A meditation on relationships, 'Conversations with Other Women' is one of those wordy and low-key films which is guaranteed to touch some people. Perhaps more so than they're willing to admit to themselves - or anyone else.

At his sister's wedding a man (Eckhart) picks up two glasses of champagne and moves in the direction of one her bridesmaids (Bonham Carter). Initially it seems as if they are complete strangers, but as they talk it becomes clear that their history is a lengthy one and will be aired over the course of the night.

Filmed in split screen (one camera on Eckhart, the other on Bonham Carter), 'Conversations with Other Women' manages to say a lot in its brief 84 minutes and successfully shows how memories and fact get blurred with the passing of time and shifting of emotions. And while director Canosa's decision to have two images on screen simultaneously jars a little in the initial stages, you get used to it quickly and shifting gaze from one character to the other energises the viewer.
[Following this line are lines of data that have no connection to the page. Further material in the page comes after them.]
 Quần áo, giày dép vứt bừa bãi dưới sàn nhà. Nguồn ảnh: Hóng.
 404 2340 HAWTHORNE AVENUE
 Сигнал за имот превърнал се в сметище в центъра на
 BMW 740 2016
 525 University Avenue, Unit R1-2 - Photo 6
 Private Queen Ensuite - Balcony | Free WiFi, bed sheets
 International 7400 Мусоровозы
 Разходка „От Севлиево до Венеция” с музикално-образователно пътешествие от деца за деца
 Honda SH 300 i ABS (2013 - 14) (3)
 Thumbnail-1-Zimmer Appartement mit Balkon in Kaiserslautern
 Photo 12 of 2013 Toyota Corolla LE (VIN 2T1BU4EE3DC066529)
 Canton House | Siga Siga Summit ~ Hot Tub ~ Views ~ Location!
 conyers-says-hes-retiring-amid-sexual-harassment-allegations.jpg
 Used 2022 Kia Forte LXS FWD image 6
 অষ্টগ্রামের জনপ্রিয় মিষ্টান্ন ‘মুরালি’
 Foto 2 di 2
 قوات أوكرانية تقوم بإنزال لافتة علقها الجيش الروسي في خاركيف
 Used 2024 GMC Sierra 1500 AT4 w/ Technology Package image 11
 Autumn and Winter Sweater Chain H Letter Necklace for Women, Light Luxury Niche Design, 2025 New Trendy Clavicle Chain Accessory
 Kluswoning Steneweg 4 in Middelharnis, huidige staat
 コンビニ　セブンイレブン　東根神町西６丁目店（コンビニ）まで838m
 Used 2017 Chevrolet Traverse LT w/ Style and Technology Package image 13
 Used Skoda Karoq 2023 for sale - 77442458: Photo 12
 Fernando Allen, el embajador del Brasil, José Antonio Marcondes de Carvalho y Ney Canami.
Working off a script that would make a fine stage play, Eckhart and Bonham Carter are perfectly cast in the roles of the charmer who's more sensitive than he makes out and the woman who hasn't moved on as much as she'd like to think she has - fans of either - or both - are in for a treat. The chemistry between the duo is excellent - and credible - and the use of two younger lookalike actors on one side of the screen at certain times adds to the poignancy of the storyline.

Canosa and writer Gabrielle Zevin are keener on raising more questions than they answer and if you're looking for neat and tidy resolutions this film may frustrate you. But if you're someone who believes that relationships are never really over then satisfaction is guaranteed.